If you find yourself at any (most) government institutions, just take a look at their backyard (or front yard) and see how many vehicles are abandoned. A good number of those vehicles are not working because they were in the hands of our public servants who abused these movable properties.
In light of this, the Central Mechanical Equipment Department (CMED) has resorted to employing vehicle tracking systems to curb the abuse and irresponsible use of government-owned vehicles. CMED Chief Executive Officer, Engineer Davison Mhaka said:
We are not taking any chances, the TSP (Transitional Stabilisation Programme) is clear, it has been the norm that abusing government vehicles is a offence, but there has been loopholes which we will curb by introducing this tracking system
No doubt that the vehicle tracking system is effective to manage the irresponsible and unlawful (using government vehicles for personal use) use of state vehicles. By incorporating geofencing into the vehicle tracking system, it will be possible to see, monitor and get notified when a certain vehicle is being used in an area where it shouldn’t be used.

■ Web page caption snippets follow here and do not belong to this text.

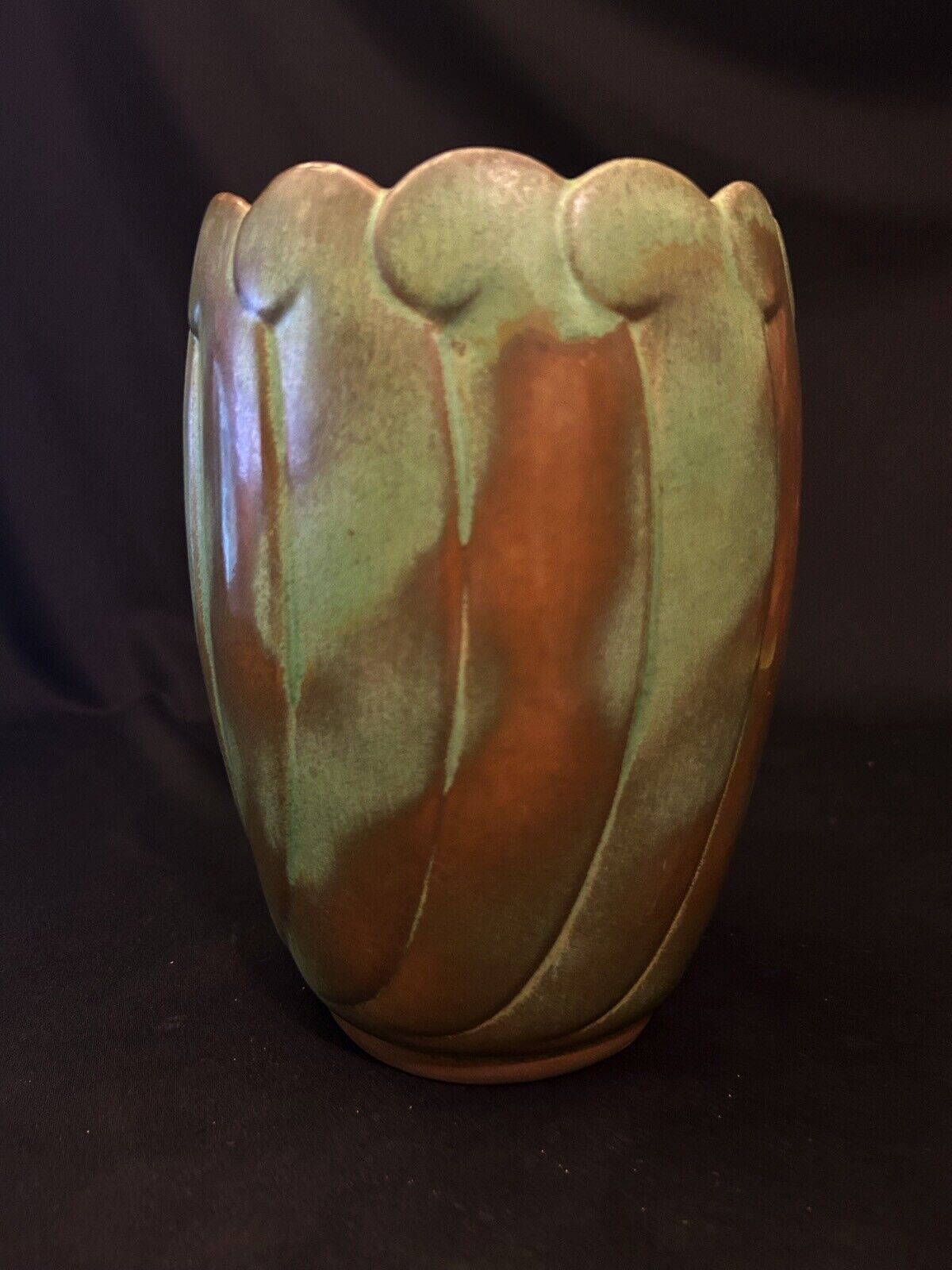 Vintage Frankoma Art Pottery Large Vase Garden Pot Green Brown 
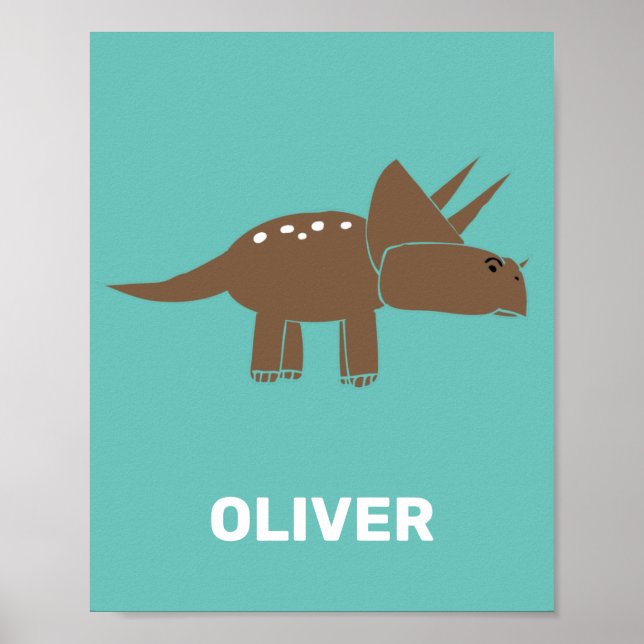 Niedliche braune Triceratops Dinosaurier für Kinde Poster (Vorne)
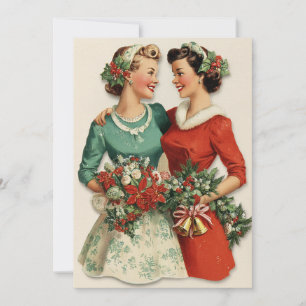 Tarjeta de Navidad de vacaciones de amiga de herma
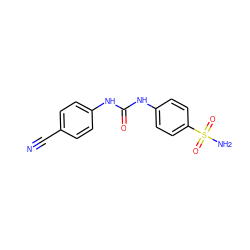 N#Cc1ccc(NC(=O)Nc2ccc(S(N)(=O)=O)cc2)cc1 ZINC000066251488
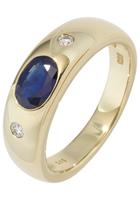 Jobo Diamantring, 585 Gold mit Safir und 2 Diamanten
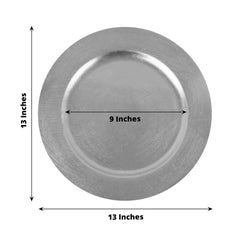 6-Pack Acrylic Round Charger Plates 13" in Metallic Silver, Dinner Party Decor Charger Tableware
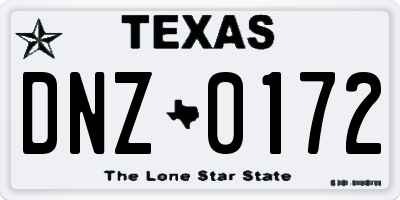 TX license plate DNZ0172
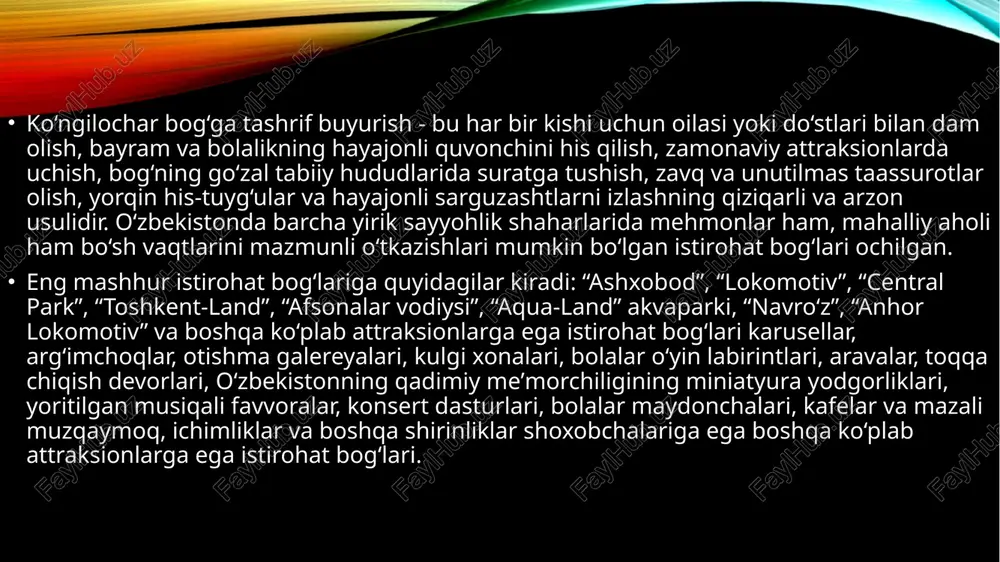 ‘tkaziladi. majmua zamonaviy yoritish va akustika tizimlari bilan jihozlangan. shahardagi eng asosiy joy. istirohat bog‘lari qanday ko‘rinishda bo‘lishi kerak? shahar umumiy manzarasi qanday bo‘lishi kerak? mutaxassislarning fikricha, mana bunday: bog‘lar, xiyobonlar, yo‘llar, daryo va ko‘llar, uylar hamda bo‘sh sanoat zonalari. ha, shaharda faqat uylar, «dom»lar, «kottejlar», do‘konlar, biznes markazlari, xullas, faqat sotish mumkin bo‘lgan joylar bo‘lmasligi kerak. shaharlarda binolar joylashgan hududlardan kam bo‘lmagan miqdorda yashillik, parklar, bog‘lar, sayilgohlar bo‘lishi shart. aks holda ekologik balans yo‘qoladi, bu tabiatning «jahlini chiqaradi». jahli chiqqan tabiat esa insoniyatga aytaylik qurg‘oqchilik bilan «hujum qilishi mumkin». bugun shaharlarda yashillik yo‘qolib borayotgani haqida ko‘p gapirilmoqda. chindan katta shaharlarimizga qarasangiz, asosan, binolar va asfaltni ko‘rasiz. 34travel.me sayti a1 ekoloyihasi bilan birgalikda tayyorlagan quyidagi materialni o‘qisangiz, bizda yashillik yo‘qolib borayotgani haqida fikringiz keskin o‘zgaradi. bizda yashillik va parklar yo‘qolib boryapti emas, ular deyarli bo‘lmagani haqida xulosaga kelasiz. bizda istirohat bog‘i deganda ichi to‘la magazin, bolalar uchadigan va albatta, pulli …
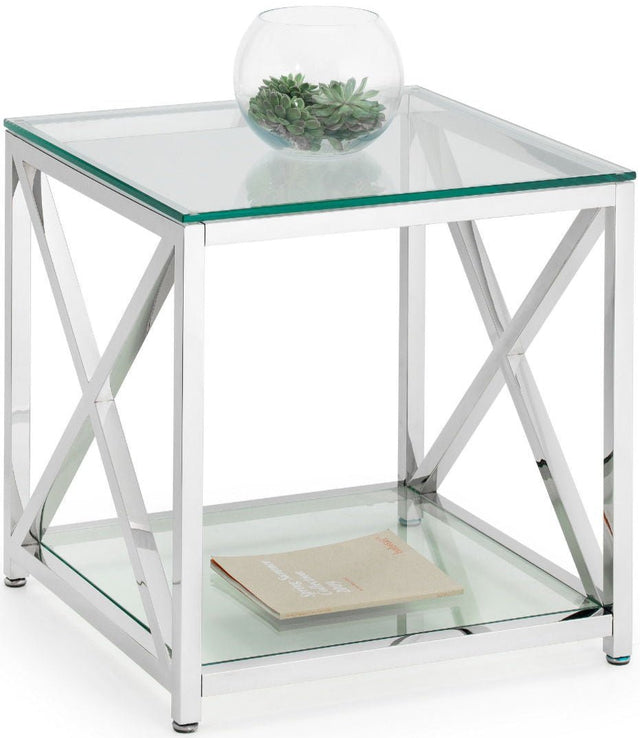 Miami Glass Top Lamp Table - Julian Bowen
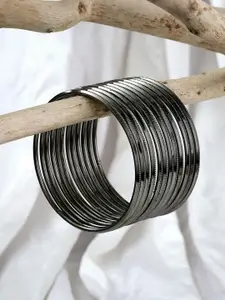 Anouk Sangria Silver Plated & Charcoal coloured-Textured Set of 12 bangles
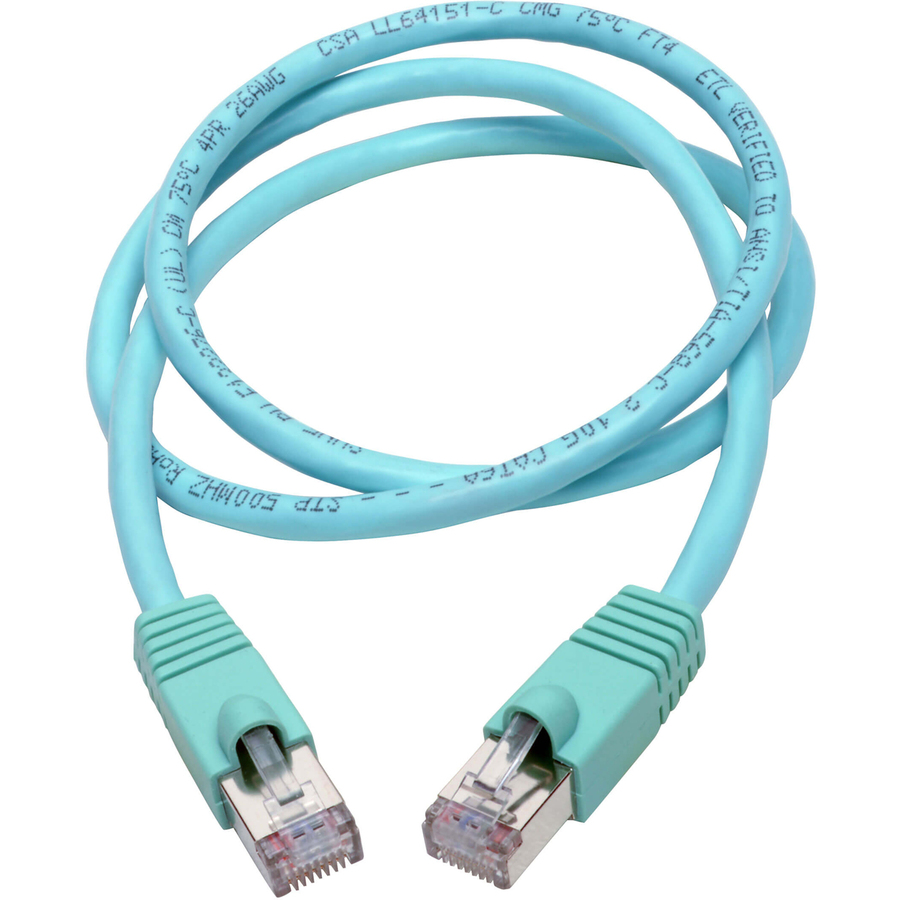 Eaton Tripp Lite Series Cat6a 10G Snagless Shielded STP Ethernet Cable (RJ45 M/M), PoE, Aqua, 3 ft. (0.91 m)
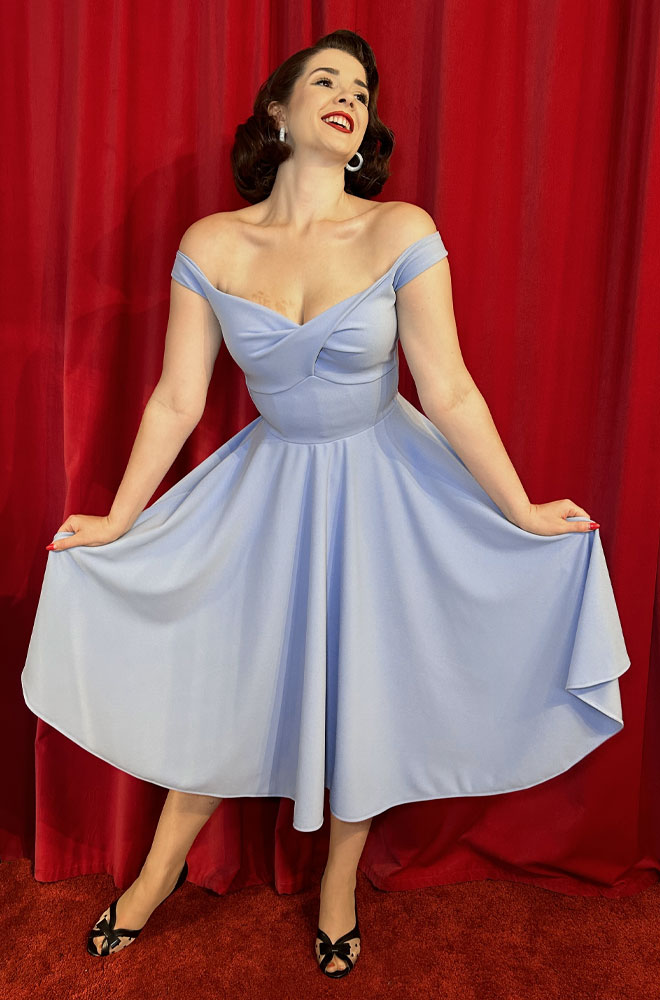 Aurora Swing Dress in Bluebell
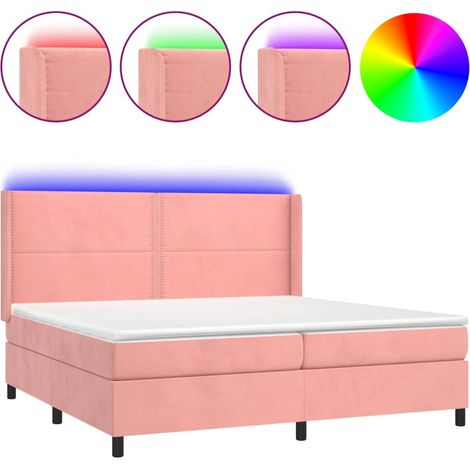 Maison Exclusive - Letto a Molle con Materasso e LED Rosa 200x200 cm in Velluto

CMED can even stretch to the point of putting sensors (Internet-Of-Things) in government vehicles to monitor drivers driving behaviour- a system similar to FBC’s MyDrive.
Is tech enough?
Those tech solutions are all cool, isn’t it? Well, the most important and relevant question is; will CMED (assuming it will be the responsible authority) penalize those that would have been found to have abused state vehicles? Generally, we tend to think that employing the use of tech (can) make things better every time but no that’s not the case. In this case, CMED should enforce the penalties to those people found wanting so as to put a stop to the abuse of vehicles. Yes, the vehicle tracking system will efficiently do its job, but a responsible authority would also have to put in place control measures such as penalties to entirely put the irresponsible use of state vehicles to bed.